Middle East

Yemen: Protesters seek action against al-Qaeda in Abyan

Anti-government protesters in Sanaa, 4 July
Image caption Anti-government protesters have kept up pressure for almost five months

Thousands of Yemenis have rallied in the capital, Sanaa, demanding that the authorities do more to protect southern towns from being overrun by militants.

Al-Qaeda militants have reportedly besieged an army base in Zinjibar, Abyan province, amid reports of food and water shortages in the town.

At least 135 soldiers have been killed in clashes since late-May.

Yemen has been paralysed by five months of protests against President Ali Abdullah Saleh's 33-year rule.

Mr Saleh is in Saudi Arabia, being treated for burns and injuries sustained during an attack on his compound last month.

He has refused to cede power to his deputy, extending the political impasse in one of the Arab world's most impoverished and unstable countries.

'Critical situation'

On Monday, thousands of demonstrators marched towards the residence of Vice-President Abd-Rabbu Mansour Hadi in the capital Sanaa, demanding assistance for residents of Abyan province.

"We are against handing Abyan to elements of al-Qaeda," said one protester, Walid al-Amari.

"The people of Abyan are innocent," said Jihad al-Jafri, a female protester. "The vice-president and Yemeni officials are not doing anything."

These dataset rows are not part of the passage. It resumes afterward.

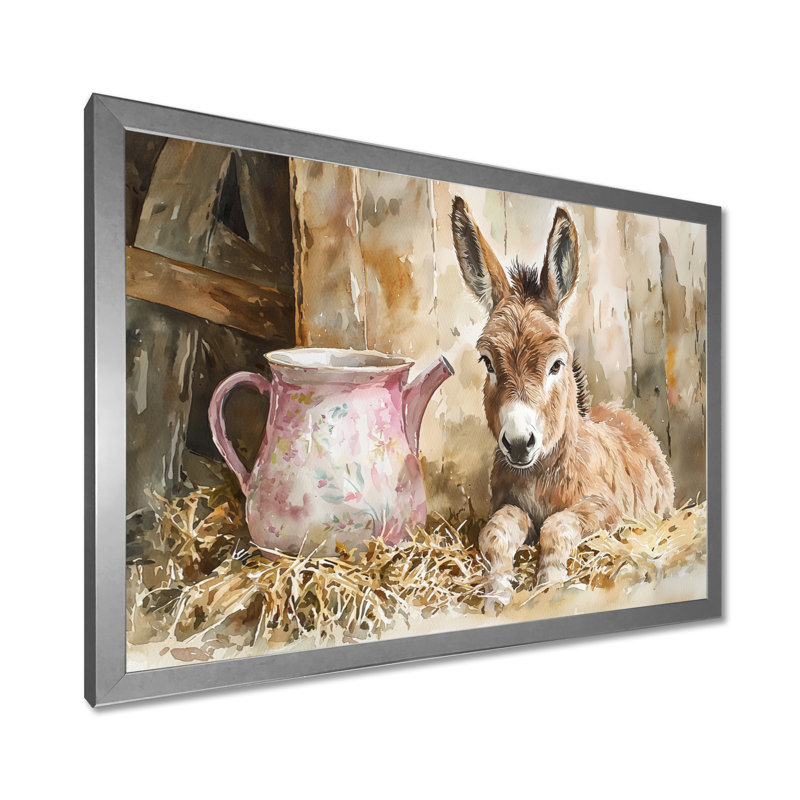 Drawdy - Animals Wall Art, H 24 po x l 32 po, Floater Framed, Argent argent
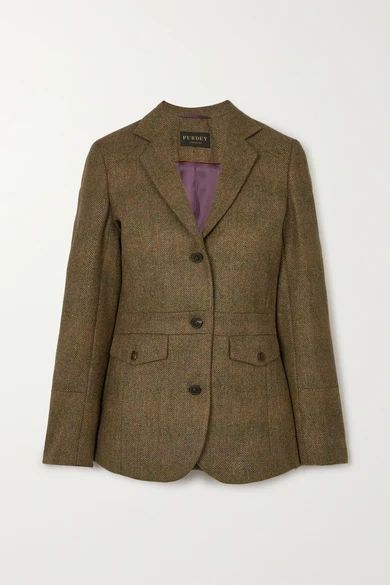 Wool-tweed Blazer - Army green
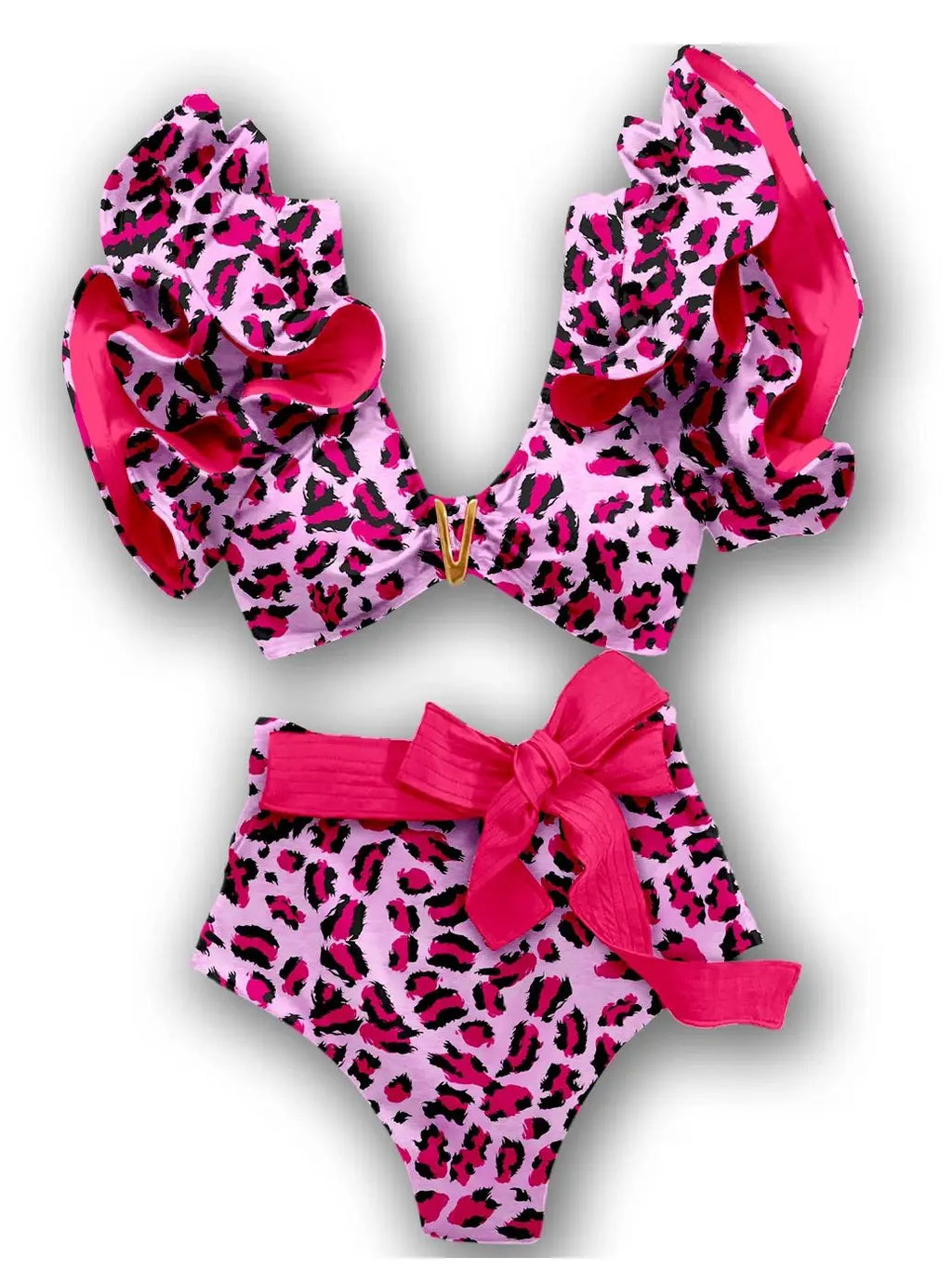 Floral Ruffled Hem Bikini Set Women Flora V-Neck High-Waisted Two Piece Swimsuit 2025 Girl Beach Bathing Suit Swimwear Biquinis - Sun Studio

Some chanted slogans that accused the authorities of "facilitating the takeover by al-Qaeda elements" in Zinjibar, the provincial capital.

Yemeni officials and journalists told BBC Arabic that militants from Ansar al-Sharia - a name used by leaders of al-Qaeda in the Arabian Peninsula (AQAP) - had surrounded the base of Yemen's 25th Mechanised Brigade on Sunday, and were trying to seize their equipment.

"[The soldiers] are in a critical situation, as they have run out of water and fuel, and they badly need military and logistic reinforcement in order to continue their resistance to the militants," Maj Abdullah Muthanna told the BBC during a telephone interview.

Image caption Mohammed Arami, 17, lost his leg during the recent clashes in Abyan

Sunday's standoff came after 50 soldiers from the brigade went "missing" after clashes on Wednesday. An army official said they still had no news of the men: "They could have been killed, captured or deserted during the fighting in the al-Wahda stadium," he told BBC Arabic.

Across Abyan province, residents have complained about severe fuel, food and water shortages.

With thousands fleeing to safety in Aden, there are fears that the violence could spread to the strategic oil port next.

The government has warned of a militant takeover in the south, but the opposition accuses the regime of exaggerating the threat to shore up Western support for President Saleh - a longtime ally in the US.

The 69-year-old leader, who has been in power since 1978, has not appeared in public since the 3 June blast at a mosque in the presidential compound that killed 11 people and wounded 124 others, among them senior officials.

In Mr Saleh's absence, protesters are demanding that Vice-President Hadi form an interim ruling council, but his grip on power is seen as shaky, as Mr Saleh's sons and relatives hold key security posts.